Activity: Every entry below should be reproduced exactly, with all pictures left out.

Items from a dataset
►
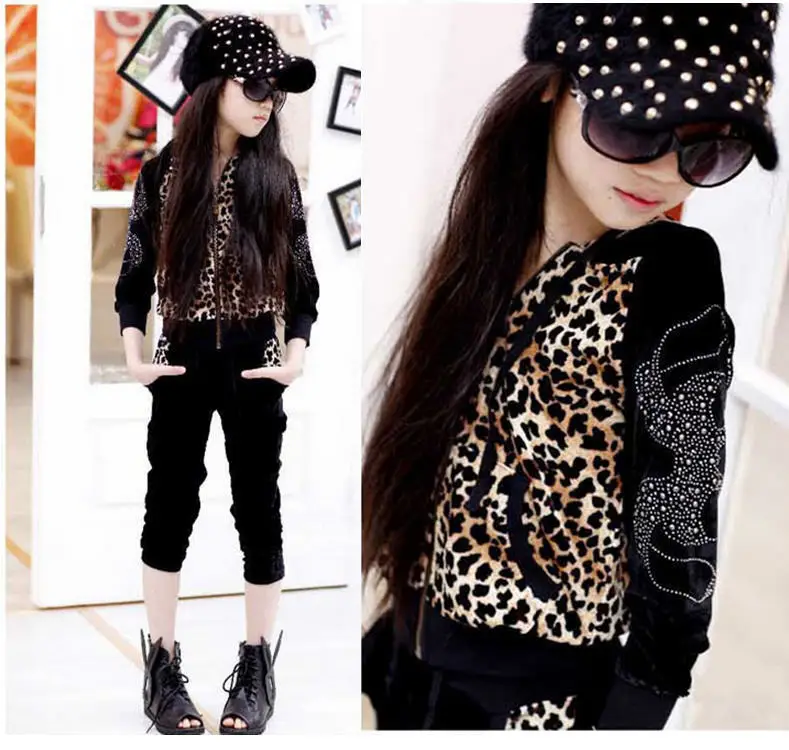 2014 Spring and summer New fashion children leopard sport sets Korean style Velvet black coat& pant for girl Free shipping F0321
2014 Spring and summer New fashion children leopard sport sets Korean style Velvet black coat& pant for girl Free shipping F0321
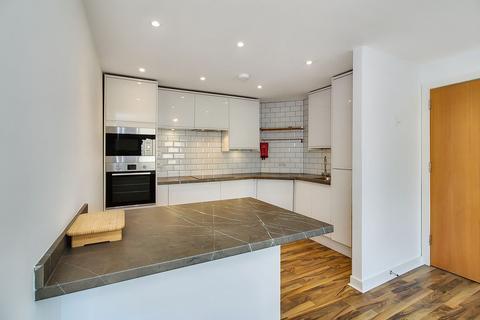 8/9 Constitution Street, Edinburgh, EH6 7BT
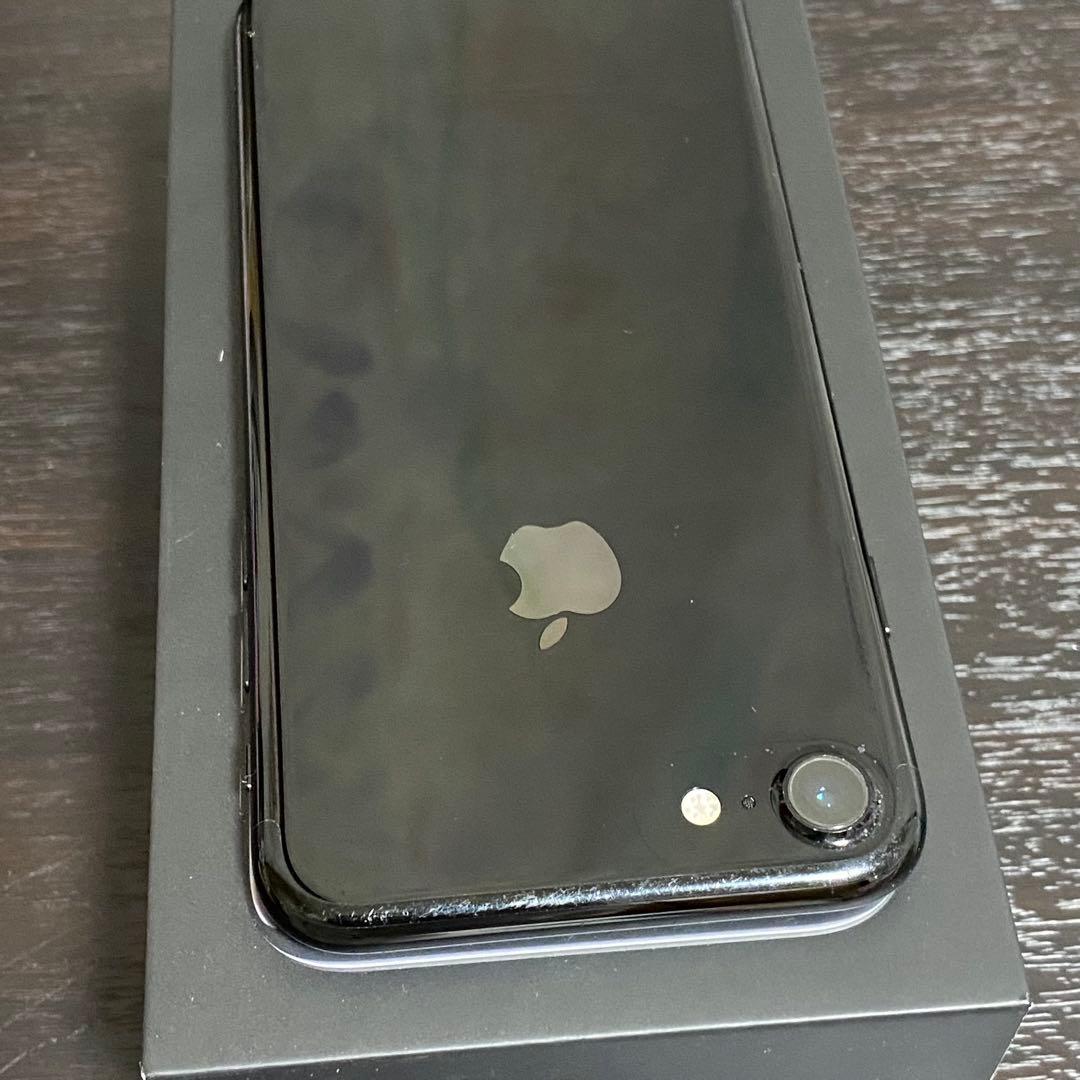 Apple iPhone 7 ブラック 256GB 本体 SIMフリー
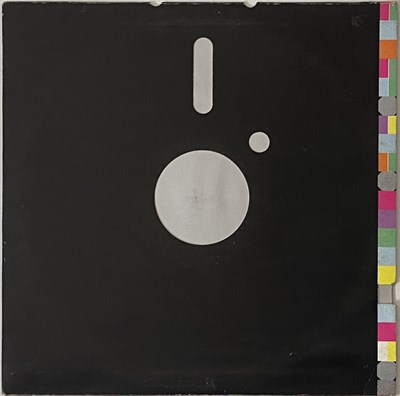 Lot 18 - JOY DIVISION/ NEW ORDER - LP/ 12" PACK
◄
Answer to this problem:
 2014 Spring and summer New fashion children leopard sport sets Korean style Velvet black coat& pant for girl Free shipping F0321
2014 Spring and summer New fashion children leopard sport sets Korean style Velvet black coat& pant for girl Free shipping F0321
 8/9 Constitution Street, Edinburgh, EH6 7BT
 Apple iPhone 7 ブラック 256GB 本体 SIMフリー
 Lot 18 - JOY DIVISION/ NEW ORDER - LP/ 12" PACK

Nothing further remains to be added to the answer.